● **DESCRIPTION OF THE TASK**:
Look below for the line containing "Winterlandschaften - Fotograf Henry Mann". Write out that line and the rest through the last one, exactly as they appear, but without pictures.

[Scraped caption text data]
────────
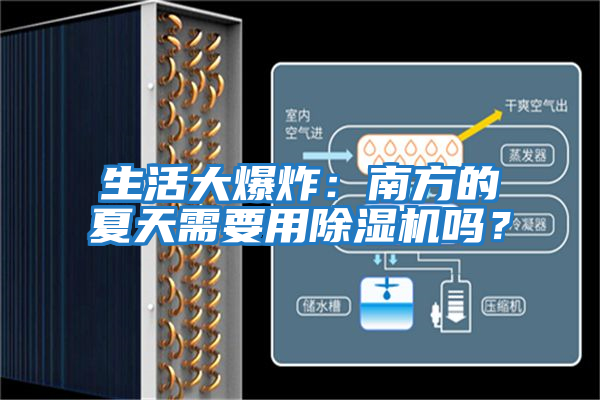 生活大爆炸：南方的夏天需要用除濕機(jī)嗎？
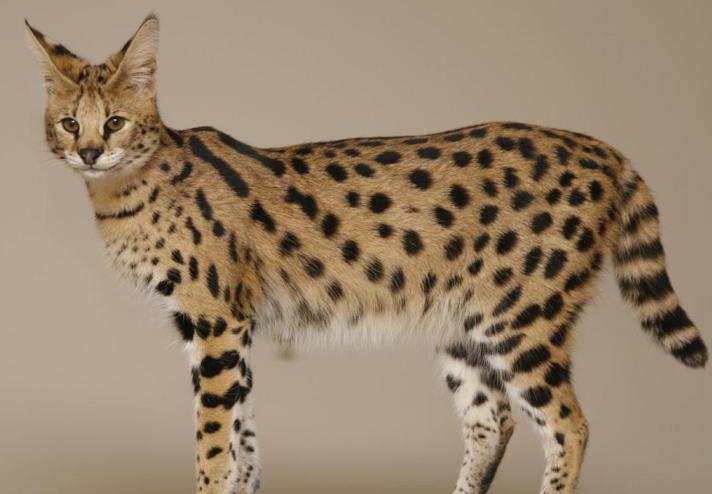 Savannah Cat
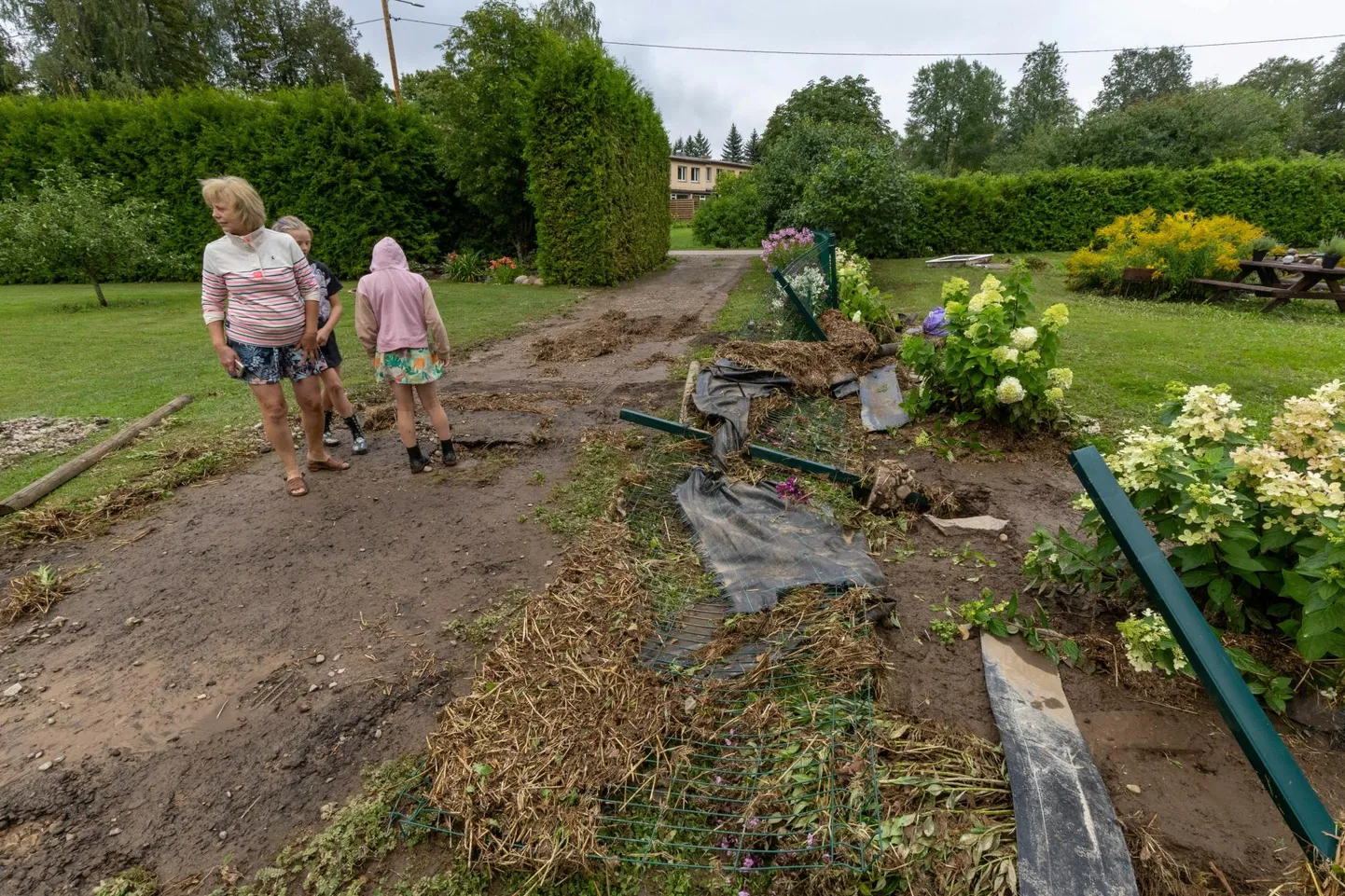 Perekond Sabrel läks sündmuste käigus ka kass kaduma.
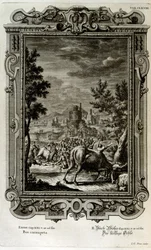 Opferung von Wildstieren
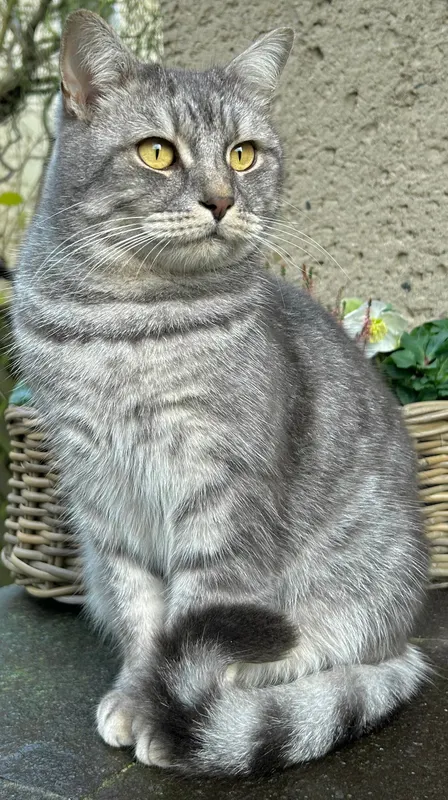 Karlie, Waren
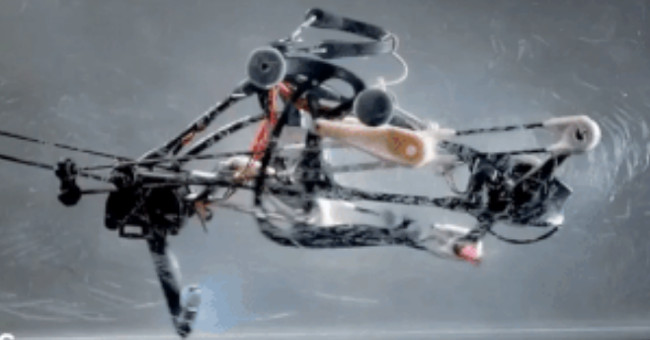 Robot uses complete mechanical ability to balance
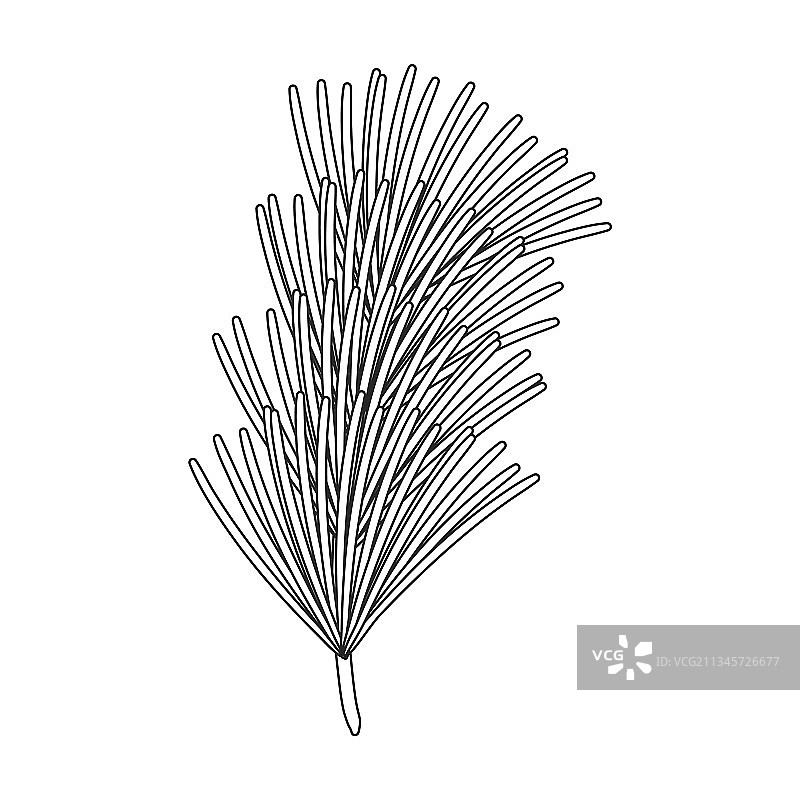 松果轮廓图标图片素材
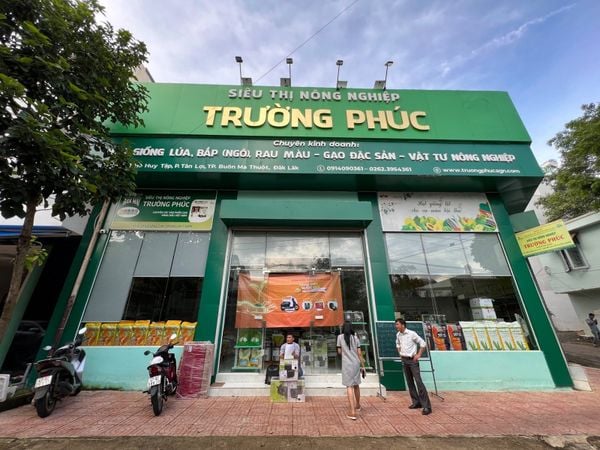 Hạt giống rau củ quả - Hạt giống Trường Phúc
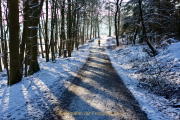 Winterlandschaften - Fotograf Henry Mann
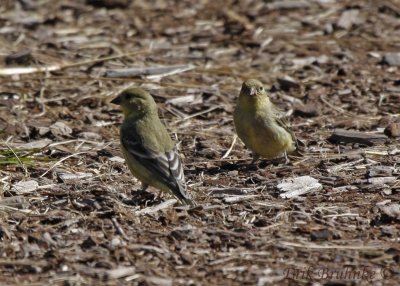 Lesser Goldfinches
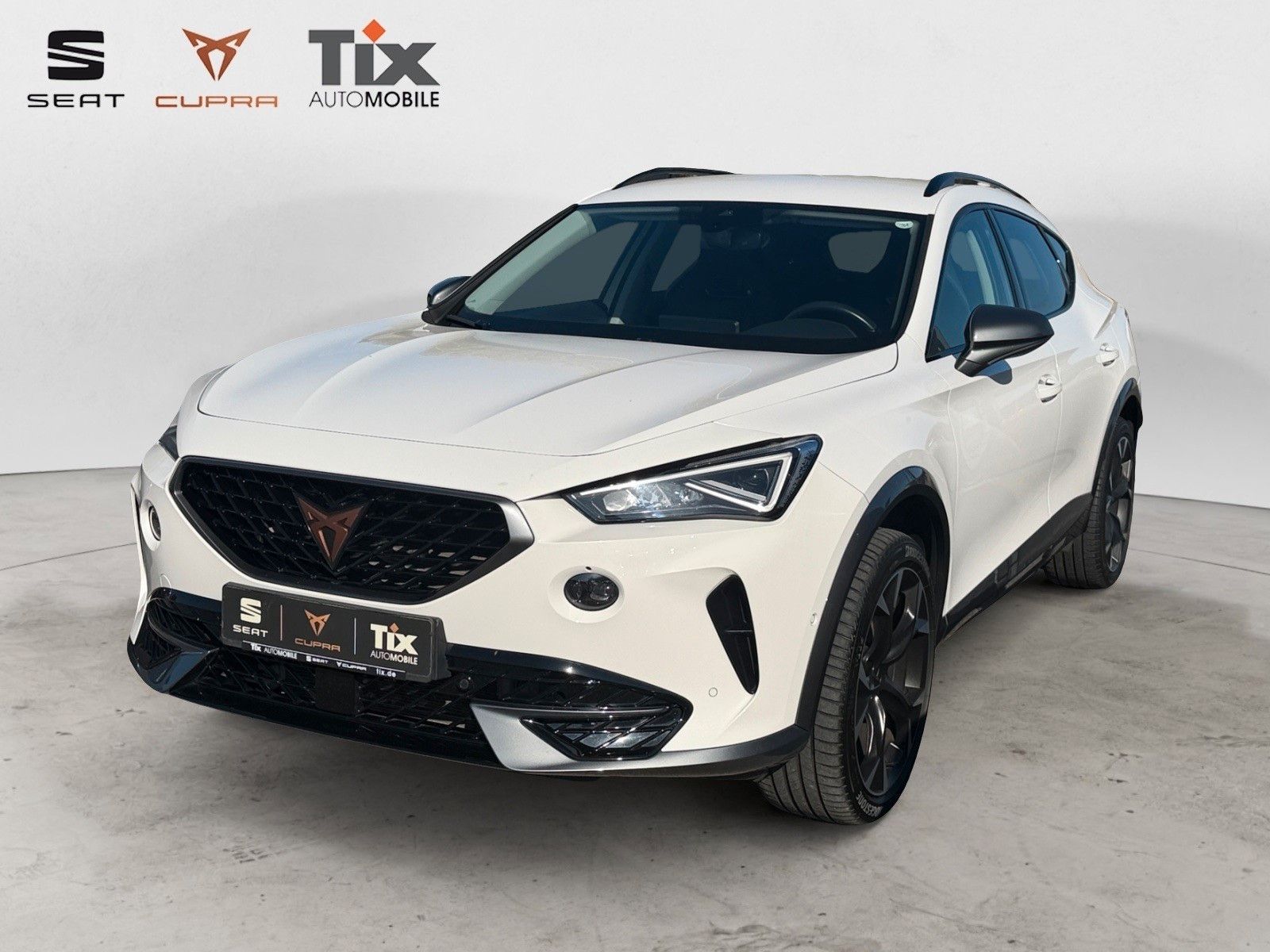 CUPRA Formentor Formentor 2.0 TSI DSG 4Drive 1.HD/Navi/Kamera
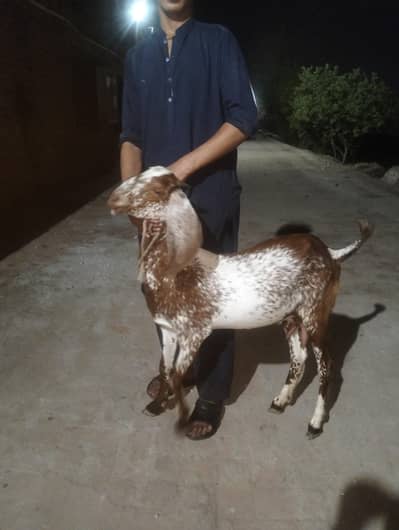 bakri for sale in qarbani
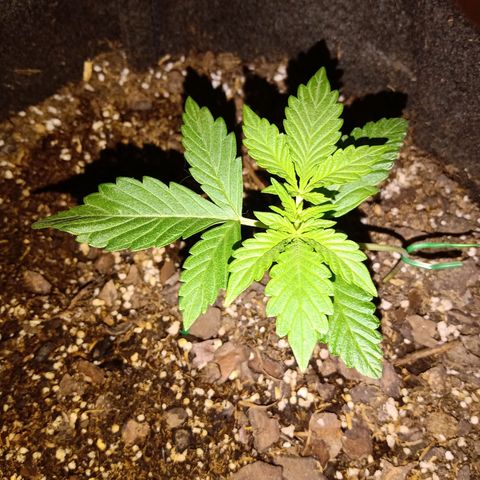 Purple Punch Autoflower growlog timeline photo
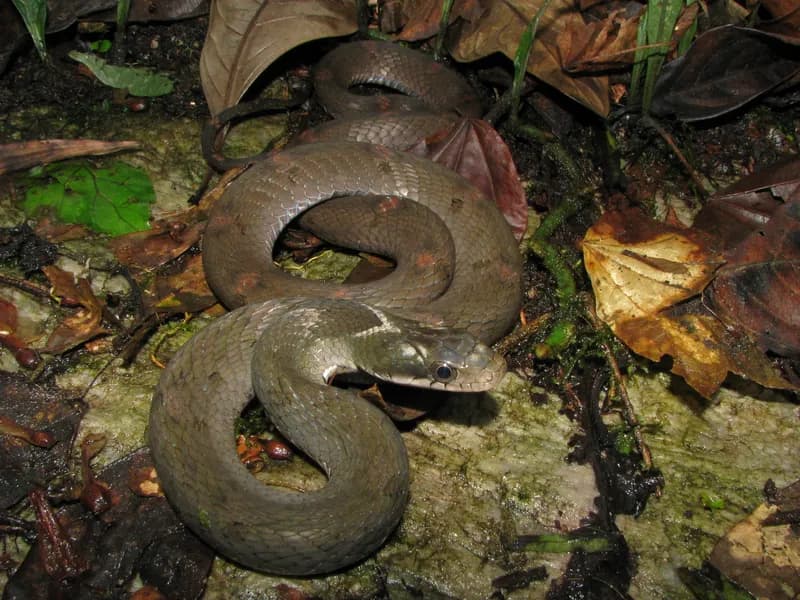 Rắn hổ xiên mắt to (Pseudoxenodon cf. macrops)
────────
● **OUTPUT**:
 Winterlandschaften - Fotograf Henry Mann
 Lesser Goldfinches
 CUPRA Formentor Formentor 2.0 TSI DSG 4Drive 1.HD/Navi/Kamera
 bakri for sale in qarbani
 Purple Punch Autoflower growlog timeline photo
 Rắn hổ xiên mắt to (Pseudoxenodon cf. macrops)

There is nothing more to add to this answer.